Behavioral Finance Flashcards
Behavioral Finance
Relates behavioral and cognitive psychology to financial planning and economics in an attempt to understand why people make certain choices during the financial decision making process. Client actions are organized into two groups - cognitive errors and emotional biases.
Cognitive Errors
Primarily due to faulty reasoning and arising from lack of understanding of proper statistical analysis techniques, information processing mistakes, or memory errors. These errors can be connected or mitigated with better training or information.
Illusion of Control Bias
Exists when market participants think they can influence outcomes when they cannot. It is often associated with emotional biases: Illusion of Knowledge, self-attribution, and overconfidence biases.
Hindsight Bias
Selective memory of past events, actions, or what was knowable in the past. Clients tend to remember their correct views and forget the errors. They also overestimate what could have been known.
Confirmation Bias
Occurs when market participants look for new information to support an existing view. Clients who get involved with the portfolio process by researching holdings may become overly attached to some investments and only bring up information favorable to the holding.
Representativeness
Based on belief the past will persist and, as a result, new information is classified based on previous experiences. While this may be efficient, the new information can be misunderstood if it is classified base on superficial resemblance to the past or a classification.

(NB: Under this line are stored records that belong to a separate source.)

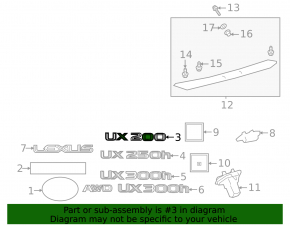 Emblem inscription "UX200" trunk door Lexus UX200 UX250h 19-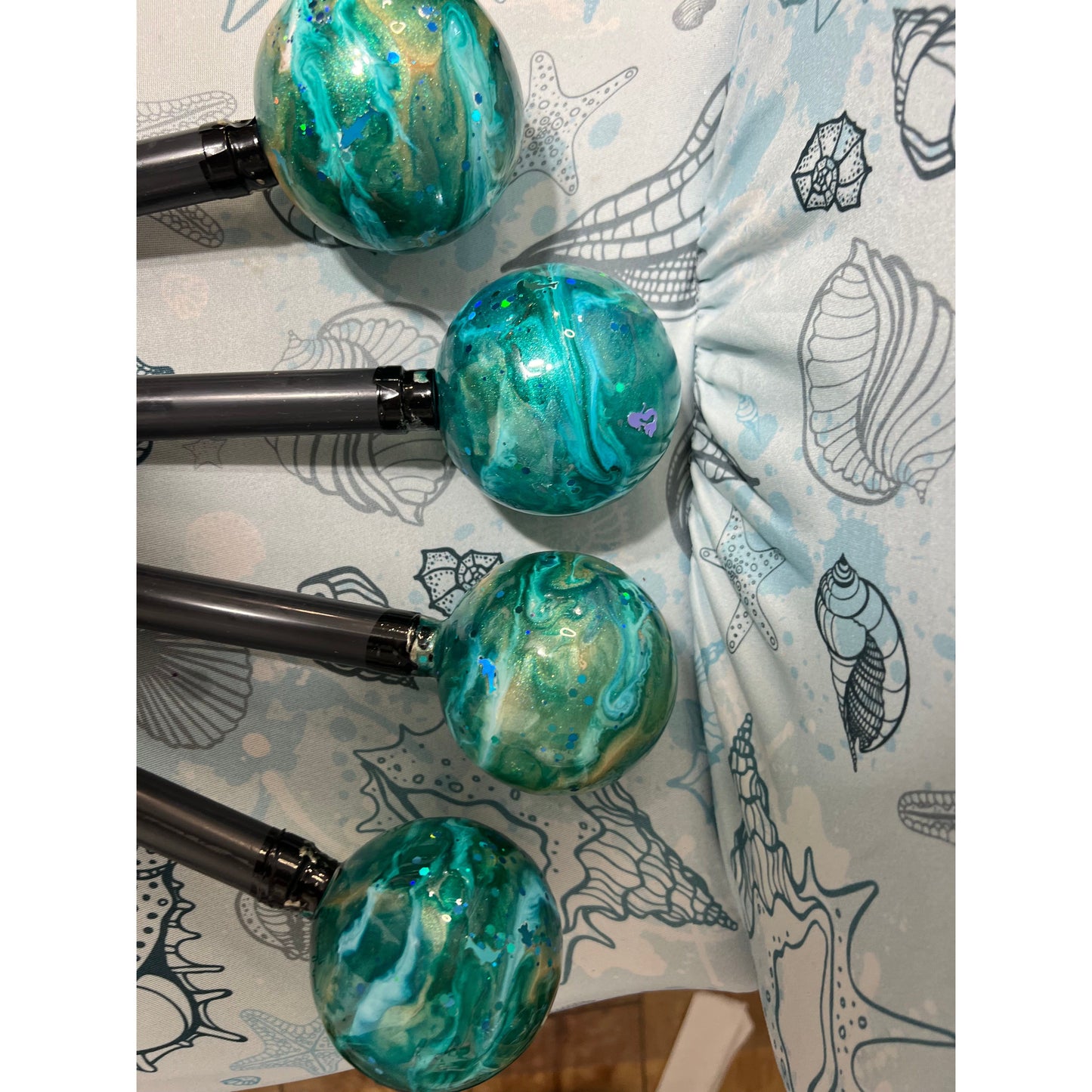 Resin Painted Glass Ornaments (4) Set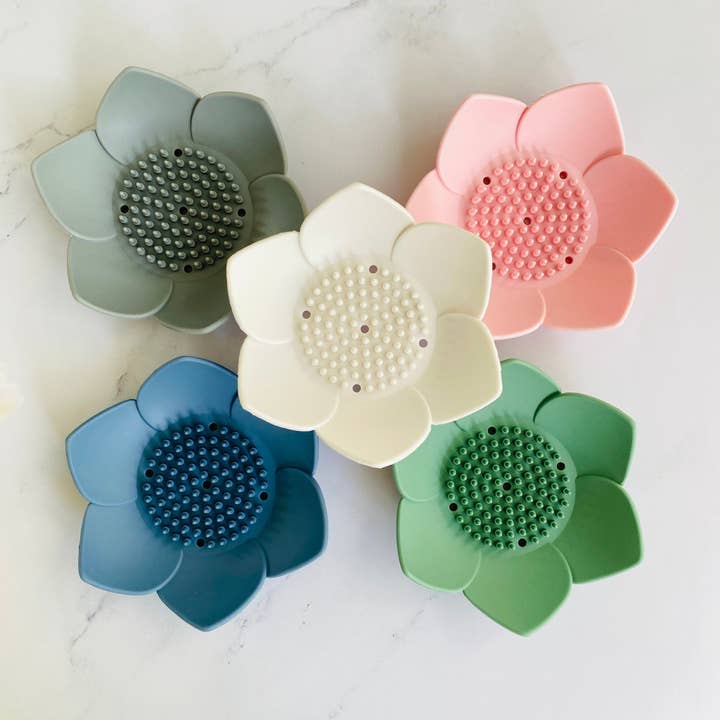 Tammi Home Body & Bath - Wholesale Bath soap dish - TranquilBlossom Silicone Soap Holder - Soap Dish of Morandi Elegance with Water Drainage - Alpine White3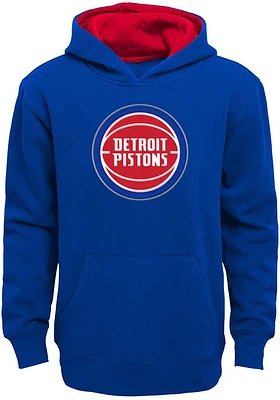Detroit Pistons Boys Blue Prime Long Sleeve Hooded Sweatshirt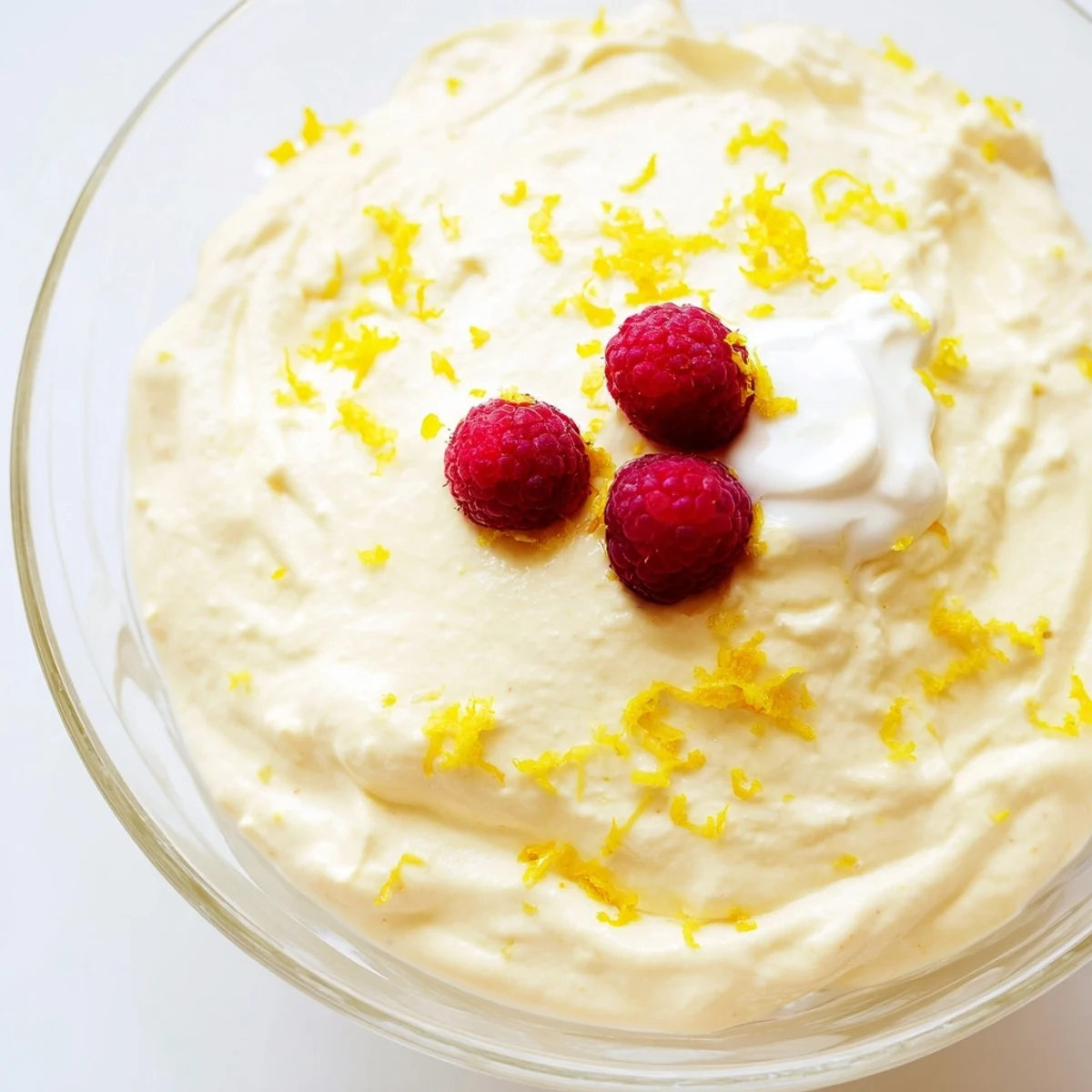 Creamy lemon cheesecake mousse in clear glass topped with fresh berries and lemon zest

Base Rate Neglect (Representativeness)
Where the base rate (probability) of the initial classification is not adequately considered.
Sample Size Neglect (Representativeness)
Makes the initial classification based on an overly small and potentially unrealistic sample of data.
Mental Accounting
“Money jar mentality”. Involves the tendency of individuals to put their money into separate accounts based on the function of these accounts.
Self-Attribution Bias (Ego)
An ego defense mechanism that occurs to avoid the cognitive dissonance associated with having to admit making a mistake.
Self-Attribution Bias
An ego defense mechanism that occurs to avoid the cognitive dissonance associated with having to admit making a mistake.
Anchoring
Irrational decisions based on information that should have no influence on the decisions at hand. Especially risky when people know little about the product being purchased, the service being delivered, or the investment being made.
Adjustment
Involves clients clinging to on clinging on to an initial estimate and not adjusting for new information.
Outcome Bias
The tendency for individuals to take a course of action based on the outcomes of prior events.
Framing Bias
Asserts that people are giving a frame of reference, a set of beliefs or values, which they use to interpret facts or conditions as they make decisions.